The Oakland A’s agreed to a one-year contract with first baseman Matt Olson on Wednesday, the team announced. Olson, who was eligible for salary arbitration this winter and now avoids that process, will receive $5 million in 2021, reports Bob Nightengale of USA Today.
The A’s also announced that they tendered contracts to all of their remaining arbitration-eligible players, so nobody from Oakland will be non-tendered this winter.
We’ll begin with a look at Olson, followed by details about how the arbitration system works and what this news means.
The starting first baseman needs no introduction. At the plate he hits moonshot homers and gets on base at a solid rate despite a low batting average. In the field, he’s the best defensive first baseman in the majors, although he was robbed of what would have been his third straight Gold Glove this year because the awards were based purely on small-sample metrics (which was a terrible idea). He did win his third straight Fielding Bible at first base, which are voted on by humans.
In 2020, Olson ran hot and cold at the plate. He had a couple outbursts but also went through some deep slumps, and without the full 162 games to balance it all out, he finished the summer with an unsightly .195 batting average. The career .245 hitter will usually do better than that over the long haul.
Olson, 2020: .195/.310/.424, 103 wRC+, 14 HR, 13.9% BB, 31.4% Ks, .326 xwOBA
The postseason was a similar all-or-nothing story for the lefty. In the Wild Card Round against the White Sox he went 0-for-9 with six strikeouts (and three walks), but then in the ALDS against the Astros he blasted a pair of homers and fanned only four times in 16 plate appearances.
While the latest numbers may be lackluster, they’re nothing to worry about moving forward into his age 27 season. We already know who Olson is — a powerful slugger who hits the ball with authority but can also go through spurts of contact issues — so nothing unusual happened, just slightly more of the bad than normal.
He’s still one of the best players on a really good team. It was a no-brainer to tender him a contract, especially with his salary still reasonably low in his first turn through arbitration.
What is Arbitration?
This section reproduced and updated from a previous post.
The A’s have 10 players eligible for salary arbitration this winter. That means those players are still under team control and they aren’t free agents, but their salaries aren’t yet determined, leaving the two sides to either negotiate a number or let the court decide for them.
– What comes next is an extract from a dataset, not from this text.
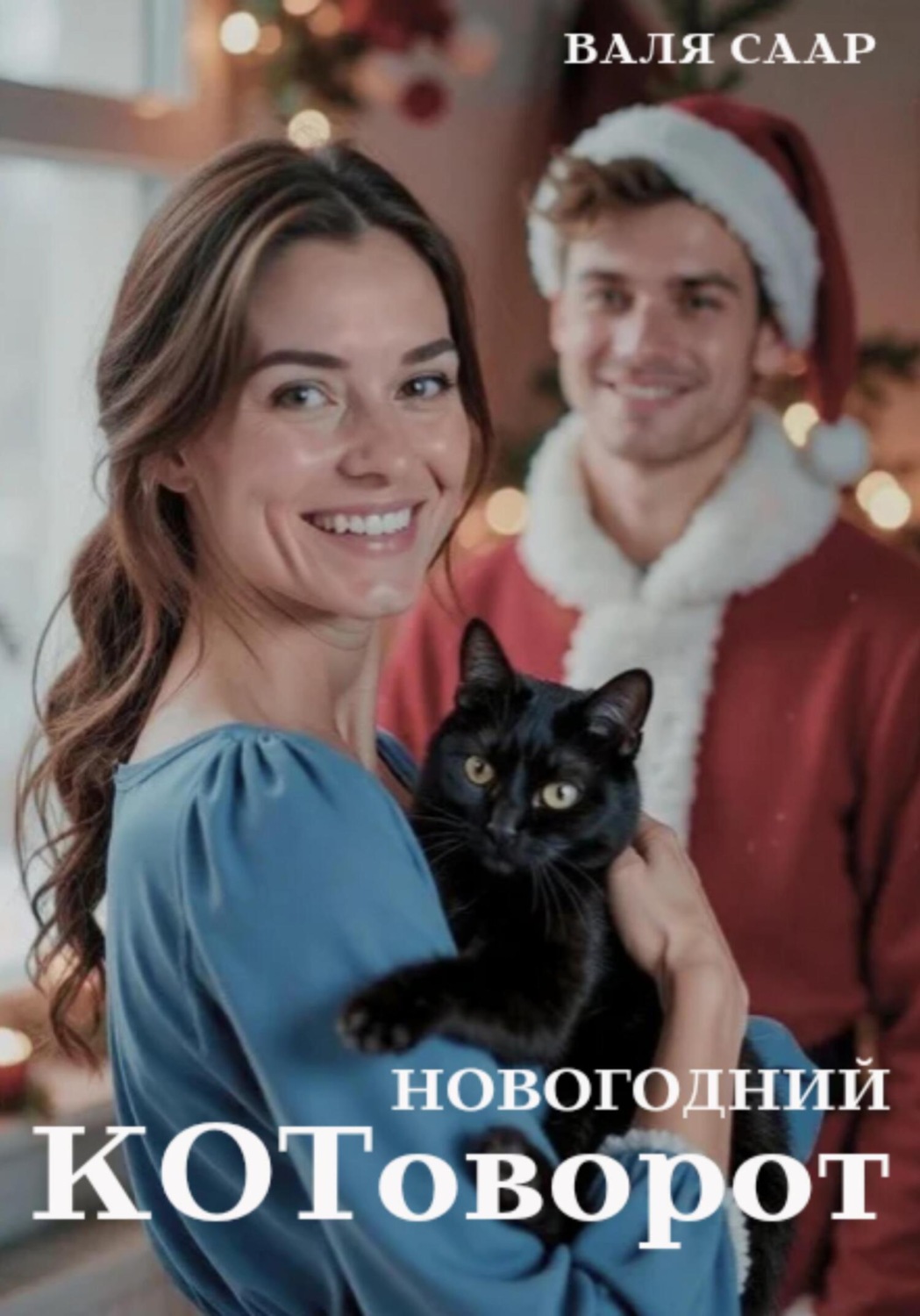 Обложка книги «Новогодний котоворот»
Four of the 10 A’s have now signed and can be checked off the list.
The deadline for teams to tender contracts to eligible players is today, Dec. 2. The parties don’t have to agree to exact numbers by then, but the club must at least commit to keeping the player and paying whatever it ends up costing*. Players who don’t receive such an assurance by Dec. 2 are called “non-tendered” and they become free agents.
* Note: The payout isn’t fully guaranteed until midway through next spring, so the team does still have one more chance to cut bait even if they tender a contract now.
Here are Oakland’s eligible players, along with their salary projections courtesy of MLB Trade Rumors. The projections are complicated this year, depending what method the market ends up using to evaluate the unusually short season, so there are three figures for each player instead of one (actual figures in italics for players who have signed):
- OF Mark Canha – $5.4m / $8.2m / $6.1m
- LHP Sean Manaea – $4.2m / $6.4m / $4.7m
- 1B Matt Olson ($5.0m) – $3.5m / $6.4m / $3.5m
- RHP Chris Bassitt – $3.1m / $5.6m / $5.5m*
- 3B Matt Chapman – $2.9m / $4.3m / $2.9m
- UT Chad Pinder ($2.275m) – $2.2m / $2.4m / $2.2m
- RHP Frankie Montas – $1.6m / $2.4m / $1.6m
- UT Tony Kemp ($1.05m) – $900k / $1.2m / $900k
- RHP Lou Trivino – $900k / $1.1m / $900k
- RHP Burch Smith ($705k) – $600k / $800k / $600k
So far, all four players who have signed did so right around the middle of their expected ranges. There are now six more eligible players to address, though all of them have at least been tendered so it’s just a matter of how much they’ll earn.